* **Data extract**
--------------------------------
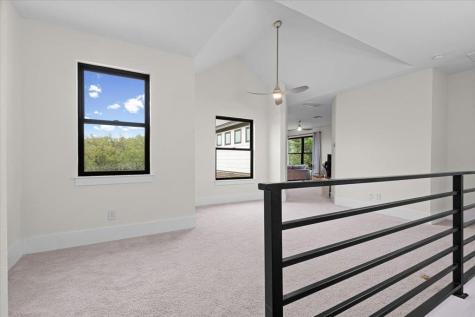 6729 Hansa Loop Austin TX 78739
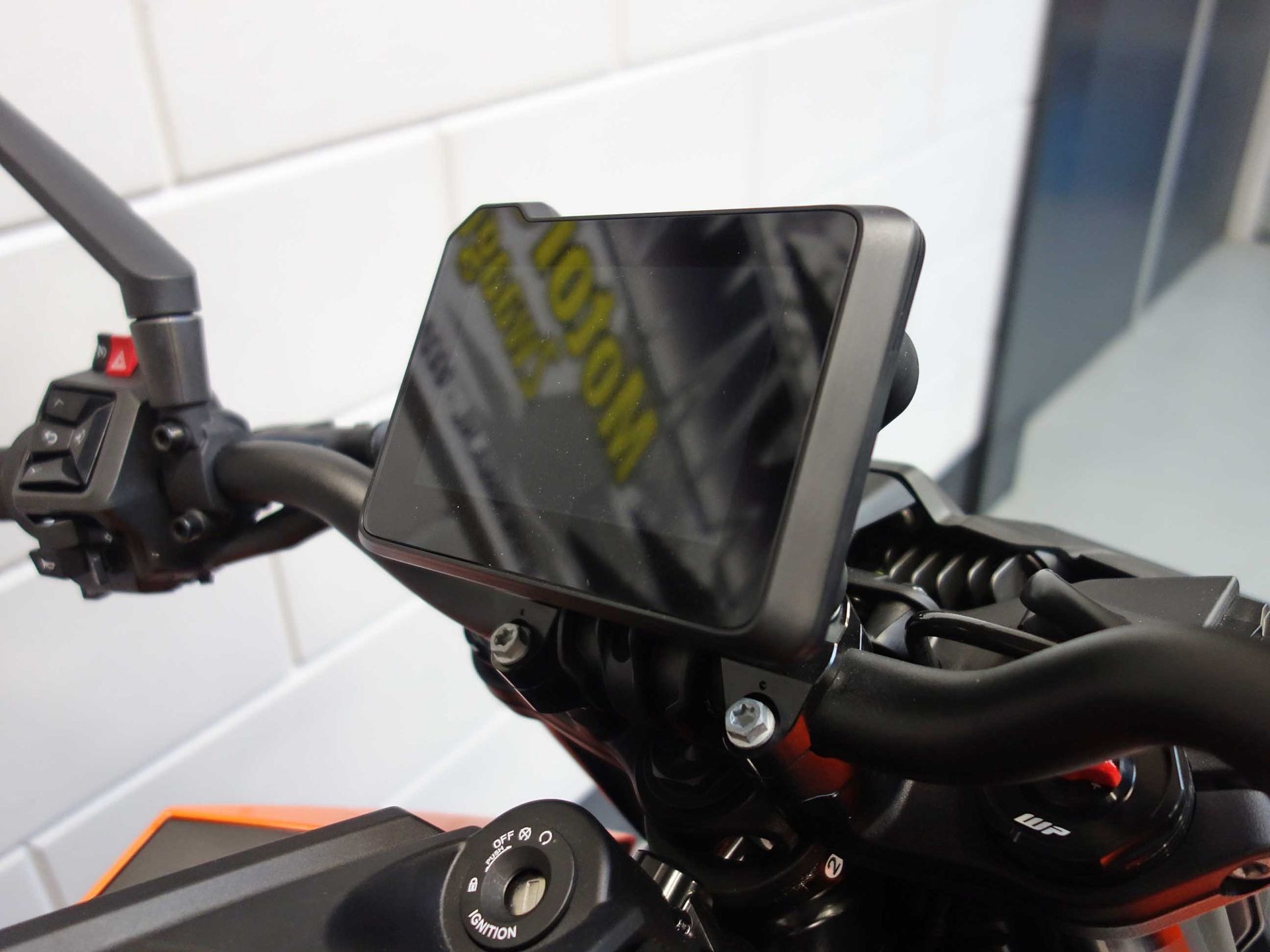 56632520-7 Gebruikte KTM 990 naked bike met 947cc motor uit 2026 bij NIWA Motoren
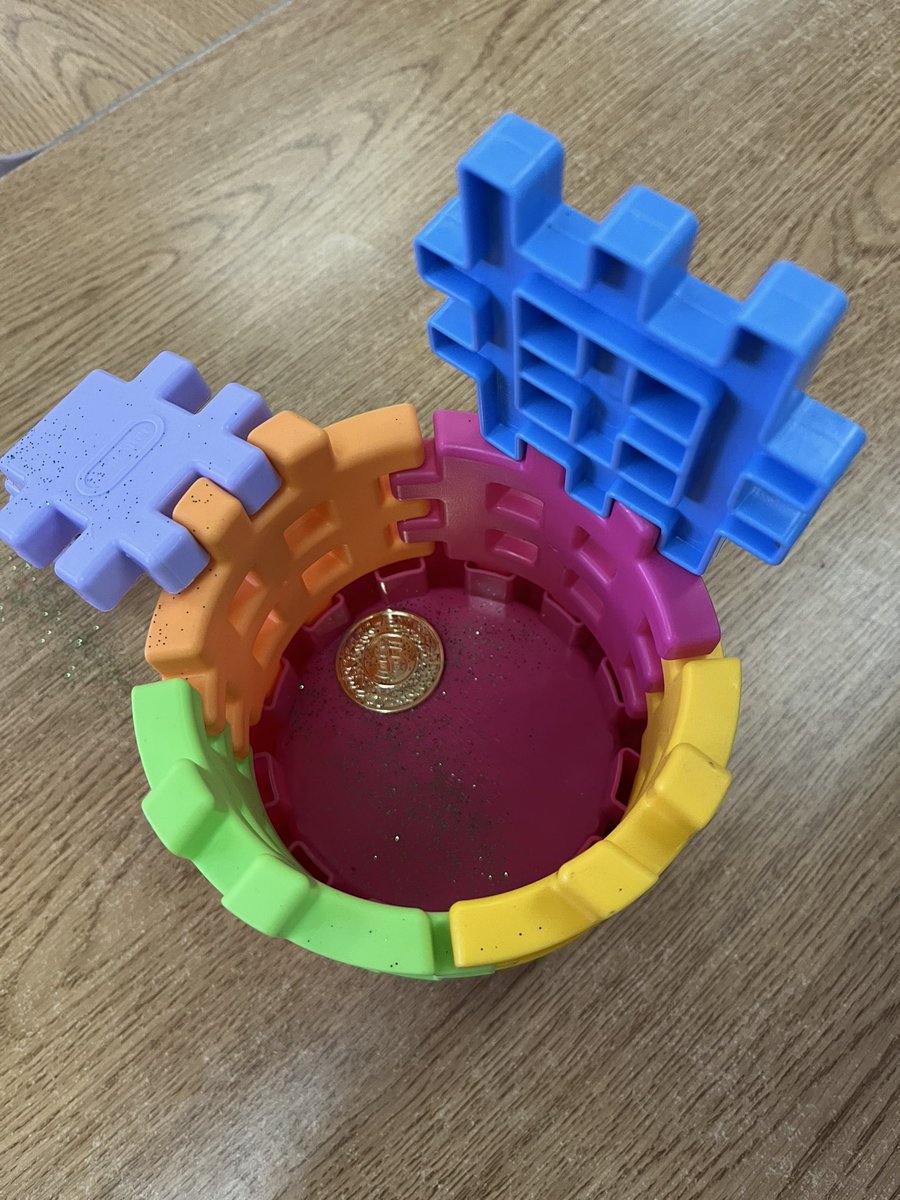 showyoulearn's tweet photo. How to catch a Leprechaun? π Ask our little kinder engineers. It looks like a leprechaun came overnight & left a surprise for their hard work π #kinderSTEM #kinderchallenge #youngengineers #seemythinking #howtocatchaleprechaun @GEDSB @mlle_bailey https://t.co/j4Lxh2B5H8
--------------------------------
* **Description of the task**
Please return the full listing word for word, but without any pictures.

* **Task response**
 6729 Hansa Loop Austin TX 78739
 56632520-7 Gebruikte KTM 990 naked bike met 947cc motor uit 2026 bij NIWA Motoren
 showyoulearn's tweet photo. How to catch a Leprechaun? π Ask our little kinder engineers. It looks like a leprechaun came overnight & left a surprise for their hard work π #kinderSTEM #kinderchallenge #youngengineers #seemythinking #howtocatchaleprechaun @GEDSB @mlle_bailey https://t.co/j4Lxh2B5H8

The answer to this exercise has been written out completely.